The product price is the same across firms and normalized at 1. The wage \(w_t\) is constant at 0.5.
The capital accumulate according to \[ K_{j,t+1} = (1-δ) K_{j,t} + I_{jt}. \]
Our goal is to estimate the parameters \(β_l\) and \(β_k\) in the production function and the parameter \(α\). To do that, we first simulate the data set df_all, and then estimate the parameters.
Simulation
We set the parameters as follows:
| parameter | variable | value |
|---|---|---|
| \(β_0\) | beta_0 |
1 |
| \(β_l\) | beta_l |
0.2 |
| \(β_k\) | beta_k |
0.7 |
| \(α\) | alpha |
0.7 |
| \(σ_η\) | sigma_eta |
0.2 |
| \(σ_ν\) | sigma_nu |
0.5 |
| \(σ_ω\) | sigma_w |
0.1 |
| \(δ\) | delta |
0.05 |
- Define the parameter variables as above.

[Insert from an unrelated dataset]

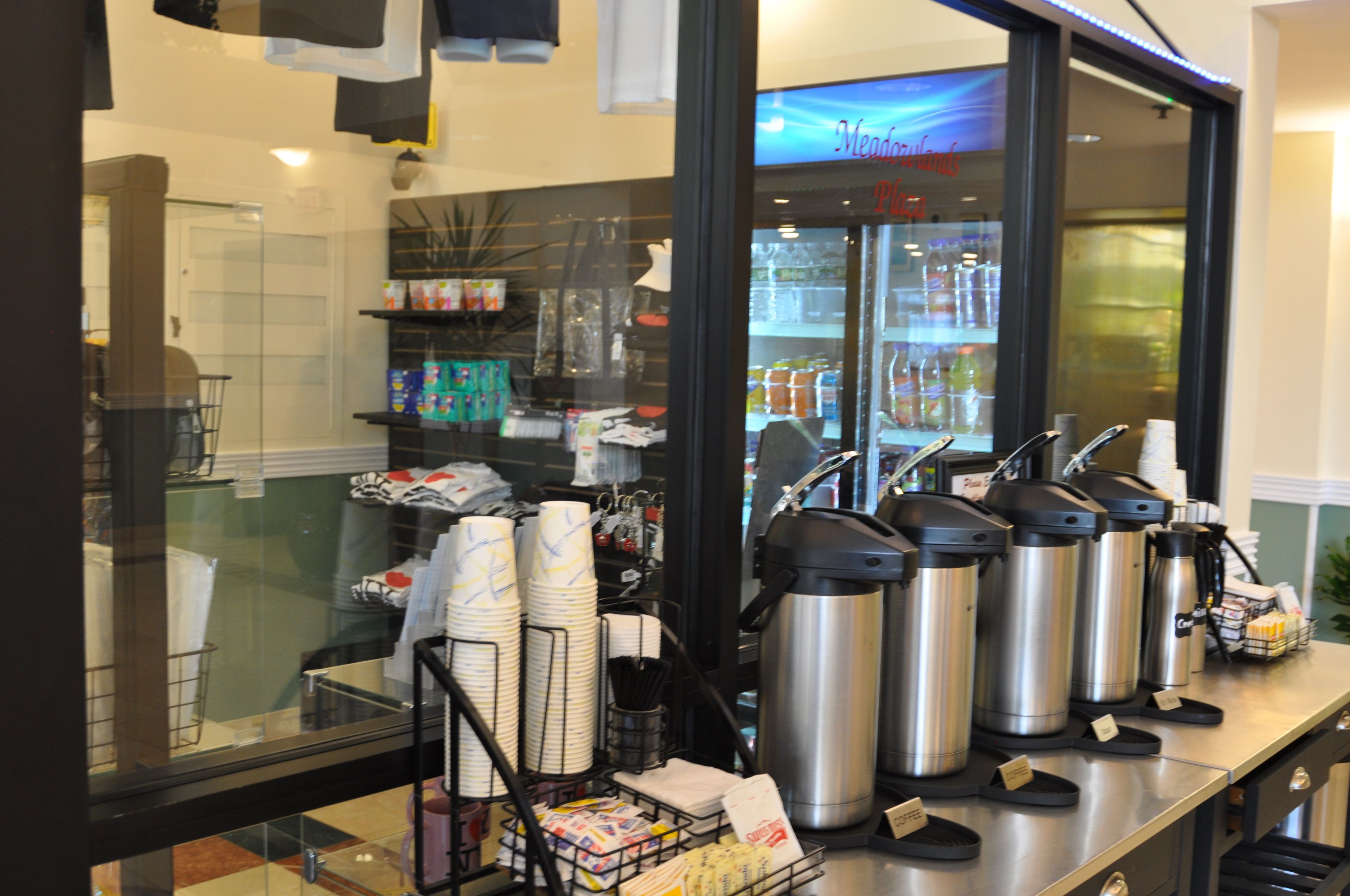 A coffee station with multiple coffee dispensers and a display of disposable cups.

- Write a function that returns the log output given
l,k,ωandηunder the given parameter values and name itlog_production(l, k, omega, eta, beta_0, beta_l, beta_k).
log_production(
l = 1,
k = 1,
omega = 1,
eta = 1,
beta_0 = beta_0,
beta_l = beta_l,
beta_k = beta_k
) [1] 3.9
Suppose that the labor is determined after \(ω\) is observed and before \(η\) is observed, given the log capital level \(k_{jt}\).
- Derive the optimal log labor as a function of \(ω_{jt}, η_{jt}, k_{jt}\) and wage. Write a function to return the optimal log labor given the variables and parameters and name it
log_labor_choice(k, wage, omega, beta_0, beta_l, beta_k, sigma_eta).

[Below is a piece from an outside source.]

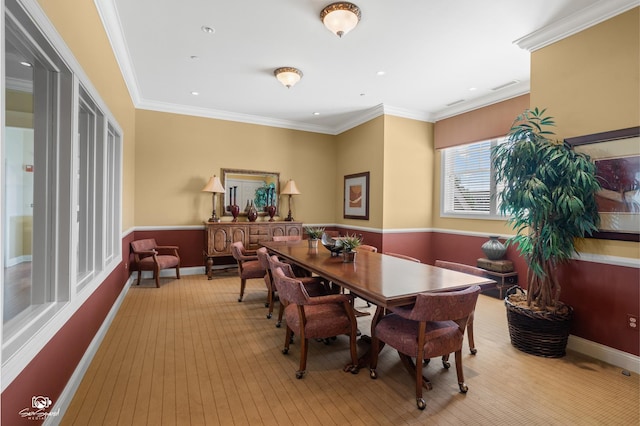 491 Bloomfield Cir W, Oswego, IL 60543 - dining area with light colored carpet, crown molding, and baseboards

Some knowledge of calculus (differentiation and first-order condition) is needed in understanding the economic scenario. If you do not know differentiation, there should be no problem as I have already derived the first-order condition for you below. You just need to translate the first-order condition into an R function.
The firm solves \[ \max_{l_{jt}} \mathbb E_{\eta} \exp (β_0 + β_l l_{jt} + β_k k_{jt} + ω_{jt} + η_{jt}) - w_t \cdot \exp(l_{jt}) \]

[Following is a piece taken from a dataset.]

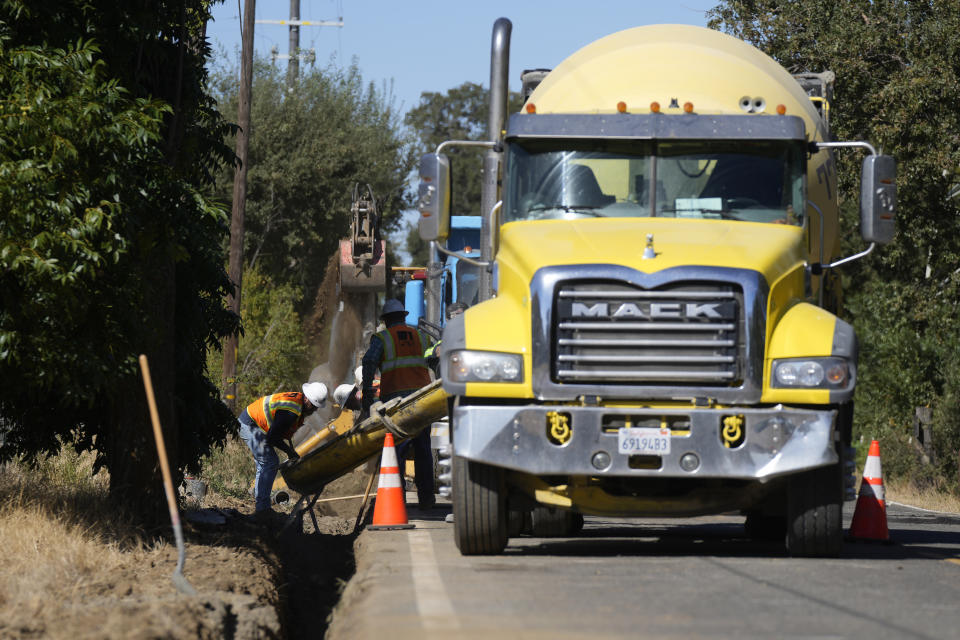 A Pacific Gas and Electric crew works on burying power lines in Vacaville, Calif., Wednesday, Oct. 11, 2023. PG&E wants to bury many of its power lines in areas threatened by wildfires. (AP Photo/Jeff Chiu)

First-order condition yields: \[ \ln β_l + β_0 + β_k k + β_l l + ω_{jt} + σ_η^2/2 = \ln (w_t) + l \] where I use the fact that if \(\ln X \sim N(μ, σ^2)\), then \(\mathbb E X = \exp(μ + σ^2)\).
log_labor_choice(
k = 1,
wage = 1,
omega = 1,
beta_0 = beta_0,
beta_l = beta_l,
beta_k = beta_k,
sigma_eta = sigma_eta
)[1] 1.388203
If there is no additional variation in labor, the coefficient on the labor \(β_l\) is not identified. Thus, if we generate labor choice from the previous function, \(β_l\) will not be identified from the simulated data.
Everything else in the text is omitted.